» Task details
Images excluded, repeat each entry below exactly.

» Extracted entries
-*-

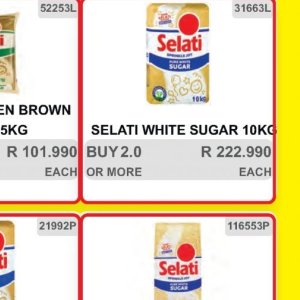 Sugar at Kit Kat Cash&Carry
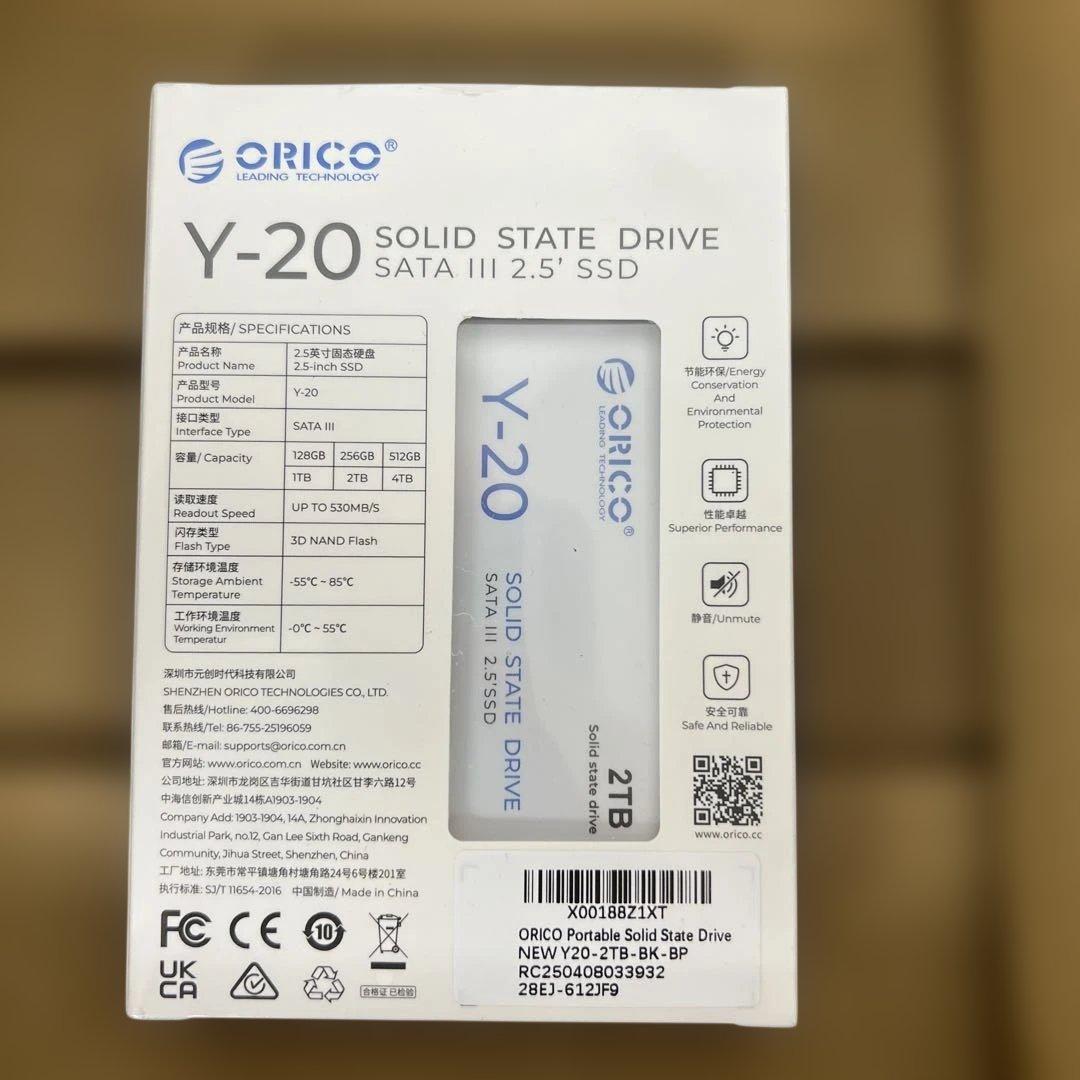 416 ORICO Y20 2TB 内蔵型SSD 未開封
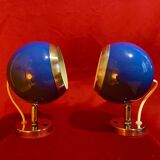 Lot of vintage lamps/wall lights, Eye-Ball, Space Age, from the 70s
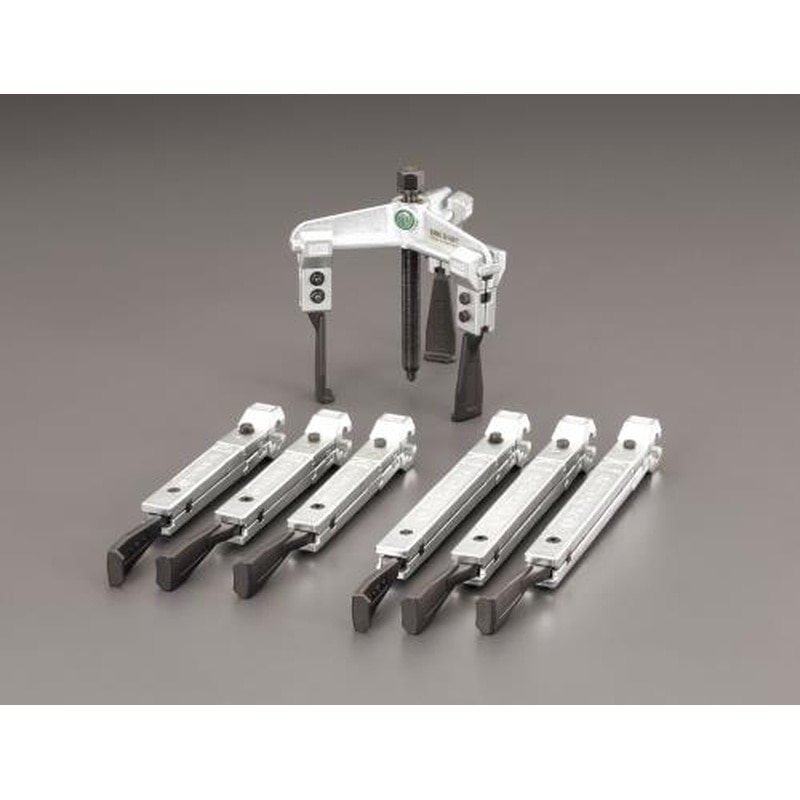 エスコ EA500JH 120mmスライドアームプーラー3本セット(3本爪/超薄爪) 1個（ご注文単位1個）【直送品】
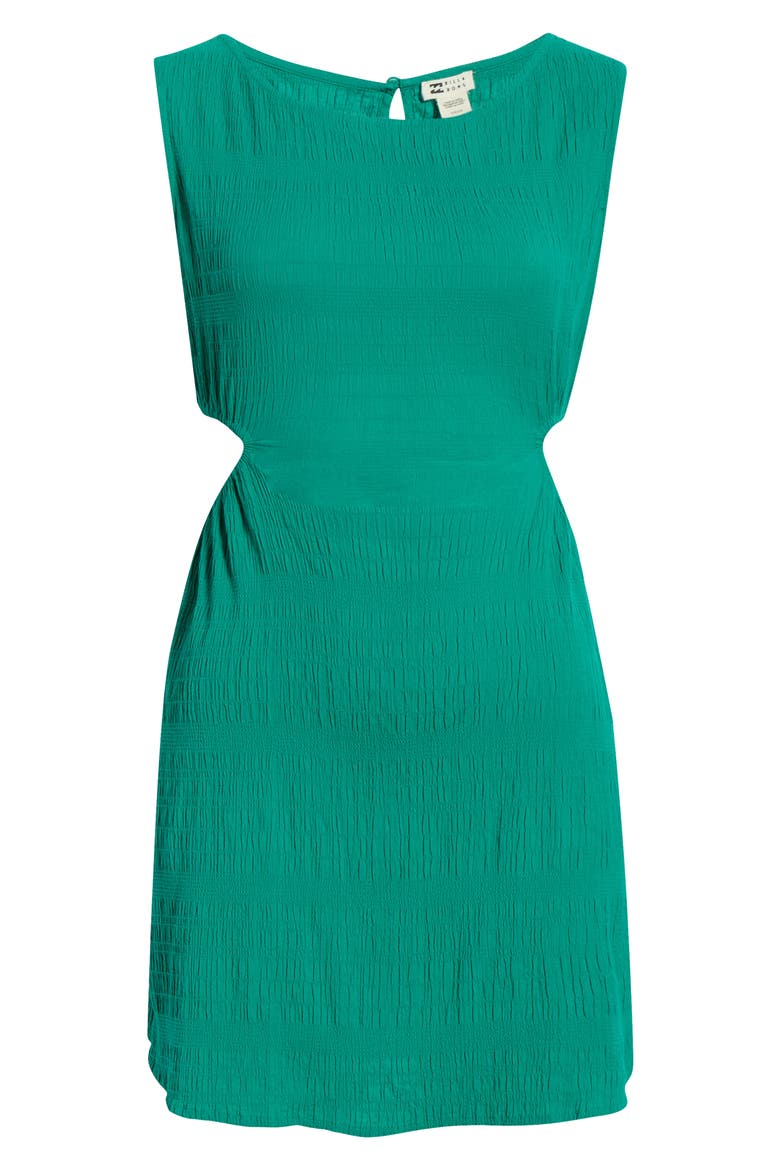 Wavy Days Cutout Minidress, Alternate, color, CLIMBING IVY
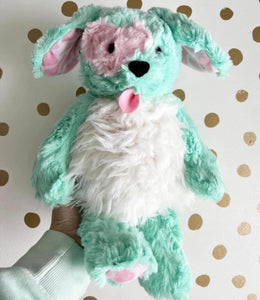 Mint puppy plushie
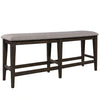 Double Bridge Counter Bench (RTA) in Dark Chestnut image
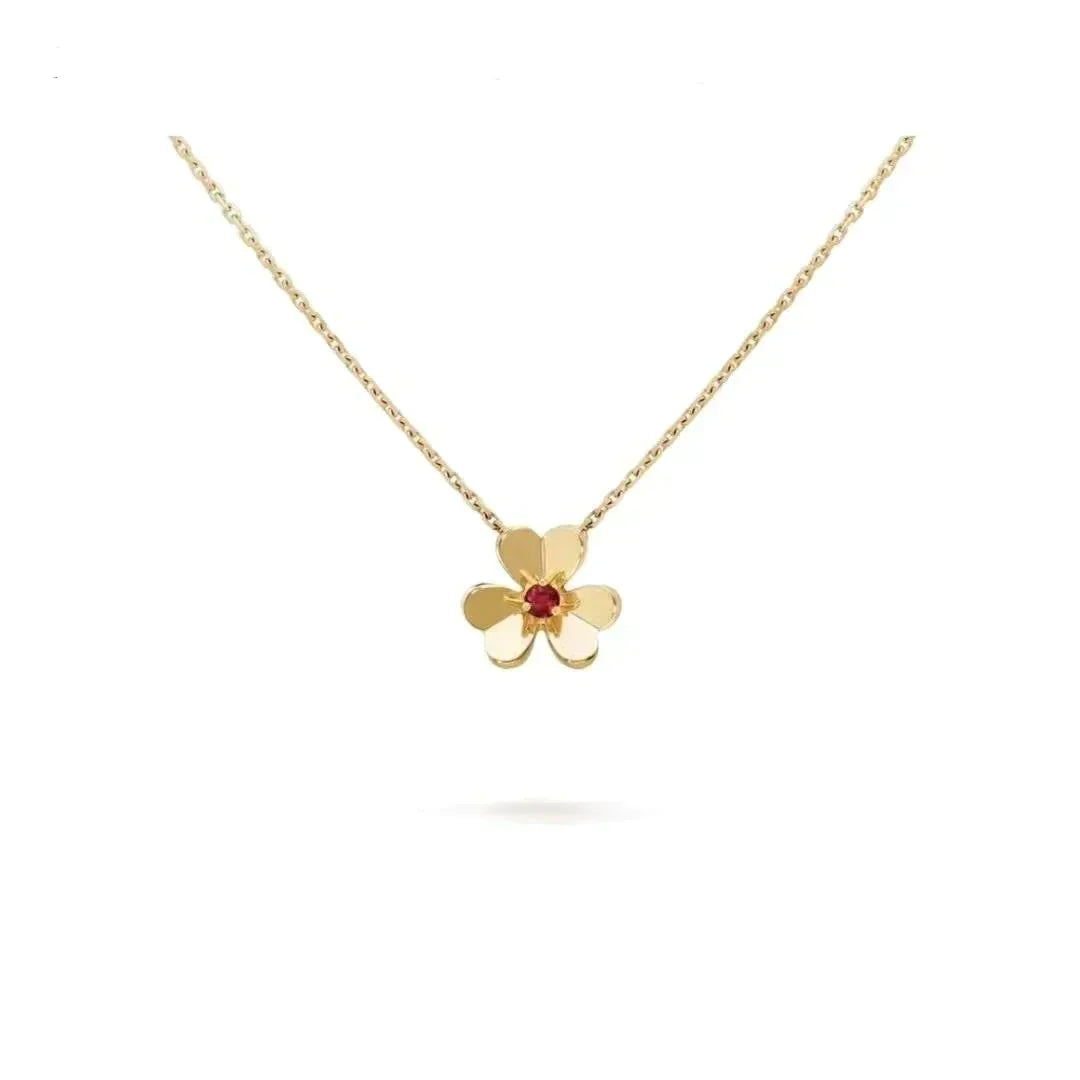 [⭐moonlume]FRIVOLE GOLD FLOWER NECKLACE
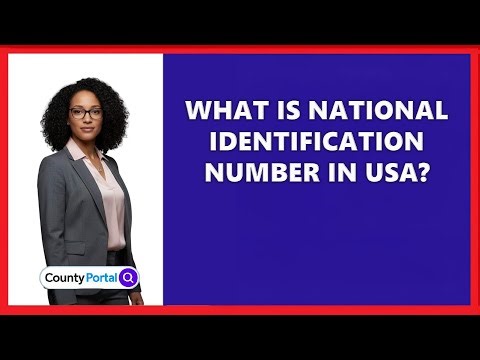 What Is National Identification Number In USA?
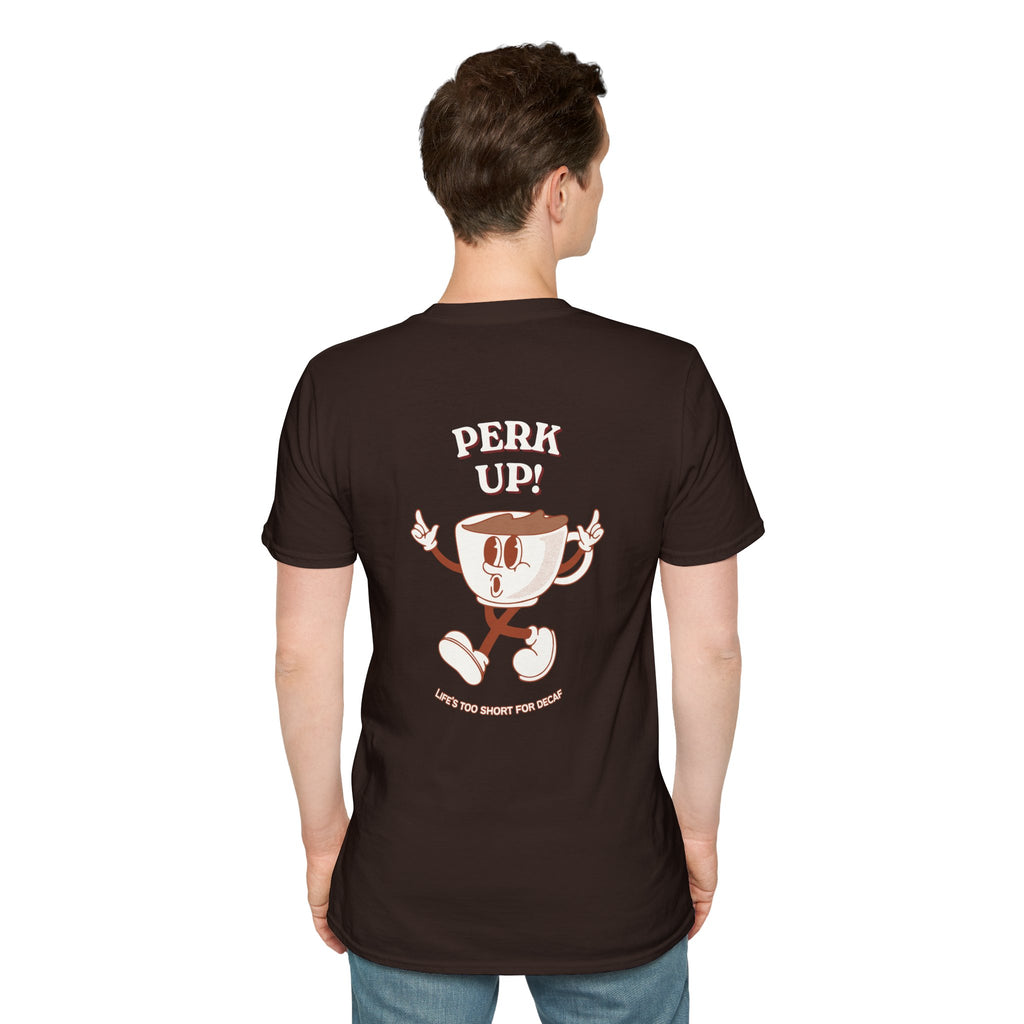 "Perk Up!" Coffee Graphic Tee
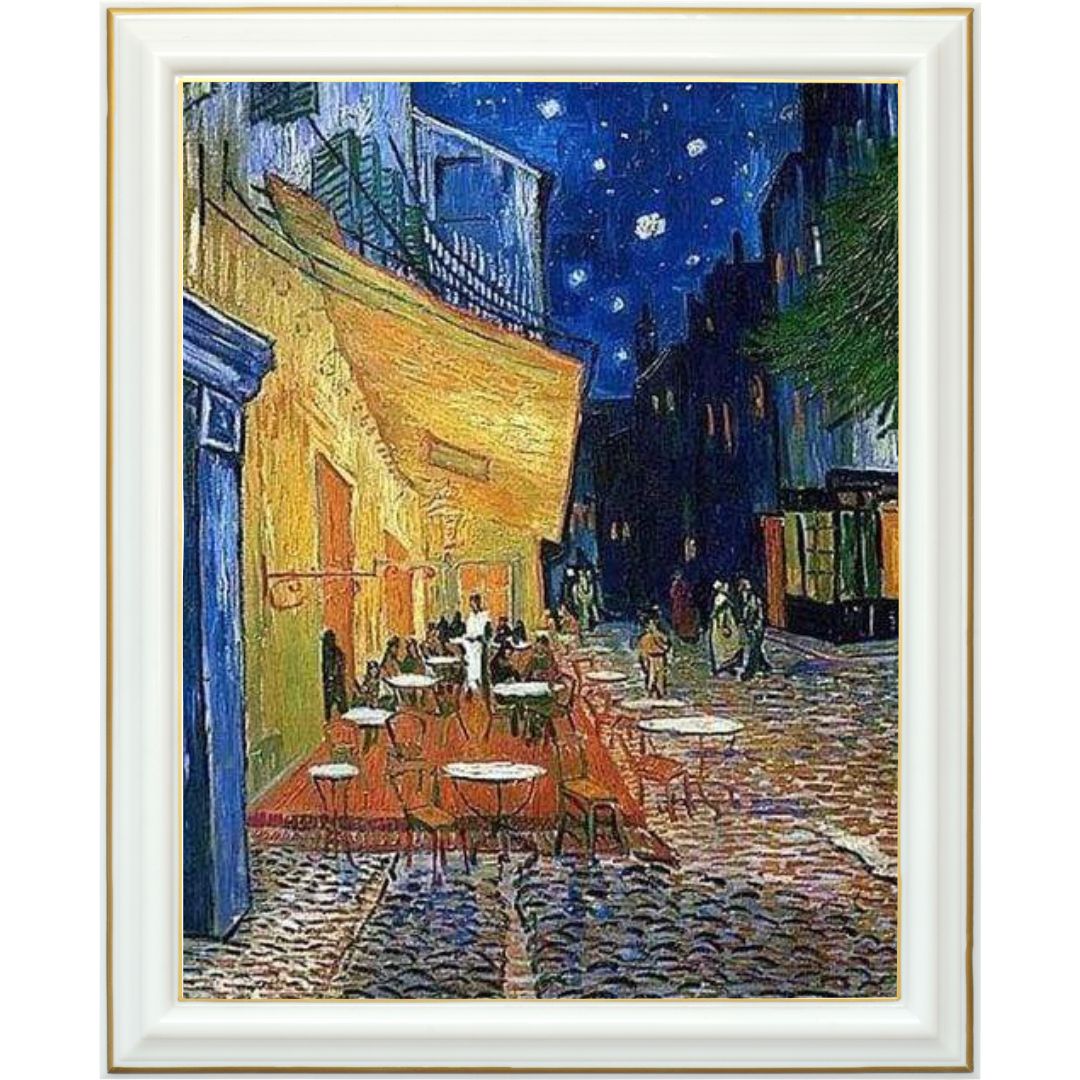 Diamond painting - Terrasse de Café la Nuit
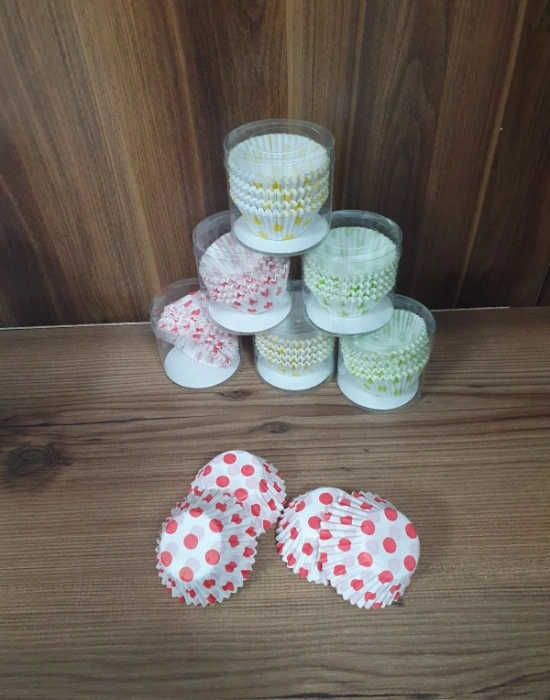 100Lü Desenli Muffin Kalıbı Minik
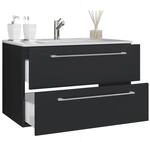 VCM Badm&ouml;bel Waschtisch Badinos Schwarz
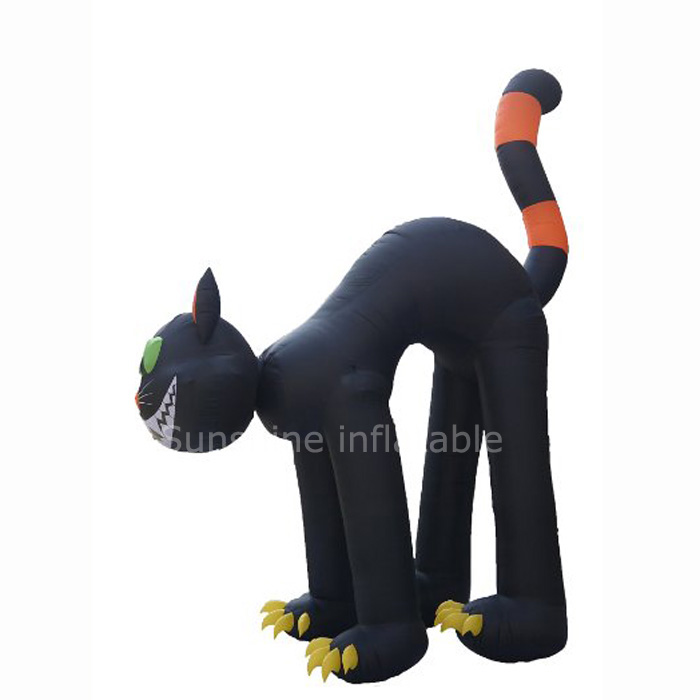 높은 품질 내구성 옥스포드 6mL 인기있는 거 대 한 할로윈 inflatables 검은 고양이 장식
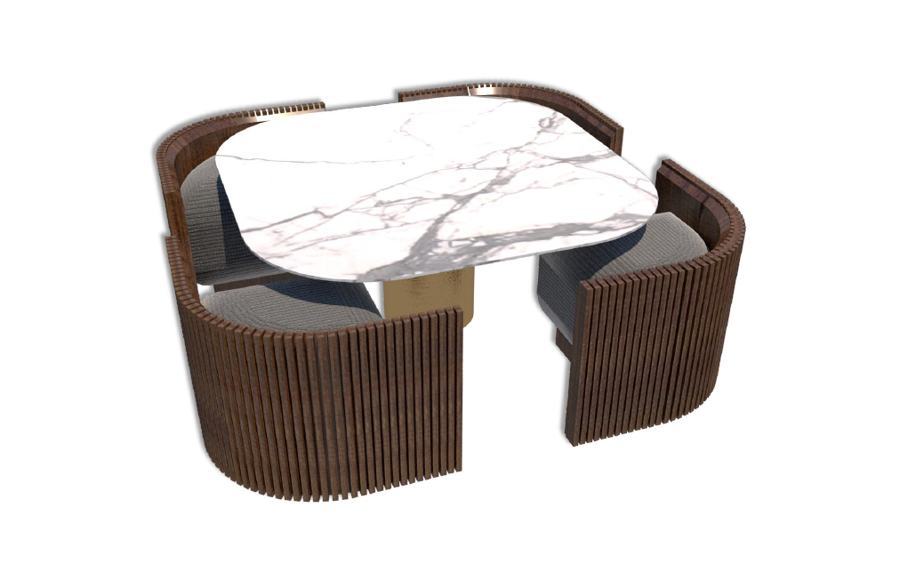 Mesa de centro Parceiros, Peça solta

-*-

» Exercise solution
 Sugar at Kit Kat Cash&Carry
 416 ORICO Y20 2TB 内蔵型SSD 未開封
 Lot of vintage lamps/wall lights, Eye-Ball, Space Age, from the 70s
 エスコ EA500JH 120mmスライドアームプーラー3本セット(3本爪/超薄爪) 1個（ご注文単位1個）【直送品】
 Wavy Days Cutout Minidress, Alternate, color, CLIMBING IVY
 Mint puppy plushie
 Double Bridge Counter Bench (RTA) in Dark Chestnut image
 [⭐moonlume]FRIVOLE GOLD FLOWER NECKLACE
 What Is National Identification Number In USA?
 "Perk Up!" Coffee Graphic Tee
 Diamond painting - Terrasse de Café la Nuit
 100Lü Desenli Muffin Kalıbı Minik
 VCM Badm&ouml;bel Waschtisch Badinos Schwarz
 높은 품질 내구성 옥스포드 6mL 인기있는 거 대 한 할로윈 inflatables 검은 고양이 장식
 Mesa de centro Parceiros, Peça solta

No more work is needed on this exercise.